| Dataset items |
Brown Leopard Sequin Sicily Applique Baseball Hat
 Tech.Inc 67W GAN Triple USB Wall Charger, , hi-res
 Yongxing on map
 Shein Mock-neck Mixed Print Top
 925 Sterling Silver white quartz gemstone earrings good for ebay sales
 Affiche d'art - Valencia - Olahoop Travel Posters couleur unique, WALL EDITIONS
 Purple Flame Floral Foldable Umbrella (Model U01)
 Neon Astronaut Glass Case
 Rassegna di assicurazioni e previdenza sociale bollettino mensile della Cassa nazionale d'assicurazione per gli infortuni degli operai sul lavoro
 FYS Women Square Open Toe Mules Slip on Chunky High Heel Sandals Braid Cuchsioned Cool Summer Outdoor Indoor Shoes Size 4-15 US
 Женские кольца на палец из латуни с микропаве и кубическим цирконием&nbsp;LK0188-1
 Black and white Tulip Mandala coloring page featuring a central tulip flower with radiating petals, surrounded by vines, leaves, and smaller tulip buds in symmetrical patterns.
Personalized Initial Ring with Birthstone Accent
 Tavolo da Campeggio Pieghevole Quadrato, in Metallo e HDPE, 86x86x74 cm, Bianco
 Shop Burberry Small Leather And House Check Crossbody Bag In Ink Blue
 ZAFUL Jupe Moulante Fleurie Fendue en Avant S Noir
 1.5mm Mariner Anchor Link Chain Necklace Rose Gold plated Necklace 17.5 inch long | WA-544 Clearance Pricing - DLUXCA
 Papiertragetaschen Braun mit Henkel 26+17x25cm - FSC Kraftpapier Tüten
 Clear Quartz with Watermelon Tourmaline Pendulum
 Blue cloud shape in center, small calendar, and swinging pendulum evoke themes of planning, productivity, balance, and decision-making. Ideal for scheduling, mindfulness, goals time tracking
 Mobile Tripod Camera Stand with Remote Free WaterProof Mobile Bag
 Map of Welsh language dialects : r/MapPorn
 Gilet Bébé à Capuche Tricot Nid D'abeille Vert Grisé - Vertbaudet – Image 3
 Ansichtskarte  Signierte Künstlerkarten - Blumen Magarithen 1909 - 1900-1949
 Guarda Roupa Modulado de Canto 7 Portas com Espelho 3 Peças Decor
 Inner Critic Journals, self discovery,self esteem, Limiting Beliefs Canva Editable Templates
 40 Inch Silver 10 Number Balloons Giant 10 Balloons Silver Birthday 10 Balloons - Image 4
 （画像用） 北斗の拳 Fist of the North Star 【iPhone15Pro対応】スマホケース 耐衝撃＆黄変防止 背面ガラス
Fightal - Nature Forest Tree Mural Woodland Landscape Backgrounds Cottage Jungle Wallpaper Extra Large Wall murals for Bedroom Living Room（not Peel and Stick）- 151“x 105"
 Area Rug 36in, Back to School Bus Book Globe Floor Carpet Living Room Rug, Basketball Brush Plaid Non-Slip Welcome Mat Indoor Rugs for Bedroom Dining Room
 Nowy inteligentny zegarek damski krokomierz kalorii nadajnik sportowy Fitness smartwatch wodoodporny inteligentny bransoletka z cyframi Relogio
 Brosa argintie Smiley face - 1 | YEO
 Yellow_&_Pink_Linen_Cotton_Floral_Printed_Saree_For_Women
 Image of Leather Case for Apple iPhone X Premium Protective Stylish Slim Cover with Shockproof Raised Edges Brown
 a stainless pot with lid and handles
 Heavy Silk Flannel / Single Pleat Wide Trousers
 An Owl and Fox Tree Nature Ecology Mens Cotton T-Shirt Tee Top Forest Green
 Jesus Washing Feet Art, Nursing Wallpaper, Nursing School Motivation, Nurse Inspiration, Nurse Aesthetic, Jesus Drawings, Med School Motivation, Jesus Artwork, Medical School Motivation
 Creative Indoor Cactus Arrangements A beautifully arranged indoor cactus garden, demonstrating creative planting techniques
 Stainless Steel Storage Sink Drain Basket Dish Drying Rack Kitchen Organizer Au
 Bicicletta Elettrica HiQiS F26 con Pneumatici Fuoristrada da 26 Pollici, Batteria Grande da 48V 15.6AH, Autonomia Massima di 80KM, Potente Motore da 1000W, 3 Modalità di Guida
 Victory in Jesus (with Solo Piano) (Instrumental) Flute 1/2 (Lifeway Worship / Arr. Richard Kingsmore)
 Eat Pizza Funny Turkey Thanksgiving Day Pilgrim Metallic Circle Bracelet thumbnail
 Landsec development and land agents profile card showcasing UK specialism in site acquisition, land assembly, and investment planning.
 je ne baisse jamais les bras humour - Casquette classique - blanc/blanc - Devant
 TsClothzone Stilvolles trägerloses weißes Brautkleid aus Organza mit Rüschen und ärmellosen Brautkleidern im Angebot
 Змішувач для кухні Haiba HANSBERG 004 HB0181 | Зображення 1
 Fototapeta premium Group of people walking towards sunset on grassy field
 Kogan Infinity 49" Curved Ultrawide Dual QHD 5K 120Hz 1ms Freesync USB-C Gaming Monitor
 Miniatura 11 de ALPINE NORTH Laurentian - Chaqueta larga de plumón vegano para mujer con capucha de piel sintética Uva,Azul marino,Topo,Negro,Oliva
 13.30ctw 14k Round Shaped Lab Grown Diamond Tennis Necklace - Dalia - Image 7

| Task to carry out |
Every line above from the line with "Stainless Steel Storage" to the line with "je ne baisse", inclusive, must be returned exactly; no other line belongs in the reply.

| Response below |
 Stainless Steel Storage Sink Drain Basket Dish Drying Rack Kitchen Organizer Au
 Bicicletta Elettrica HiQiS F26 con Pneumatici Fuoristrada da 26 Pollici, Batteria Grande da 48V 15.6AH, Autonomia Massima di 80KM, Potente Motore da 1000W, 3 Modalità di Guida
 Victory in Jesus (with Solo Piano) (Instrumental) Flute 1/2 (Lifeway Worship / Arr. Richard Kingsmore)
 Eat Pizza Funny Turkey Thanksgiving Day Pilgrim Metallic Circle Bracelet thumbnail
 Landsec development and land agents profile card showcasing UK specialism in site acquisition, land assembly, and investment planning.
 je ne baisse jamais les bras humour - Casquette classique - blanc/blanc - Devant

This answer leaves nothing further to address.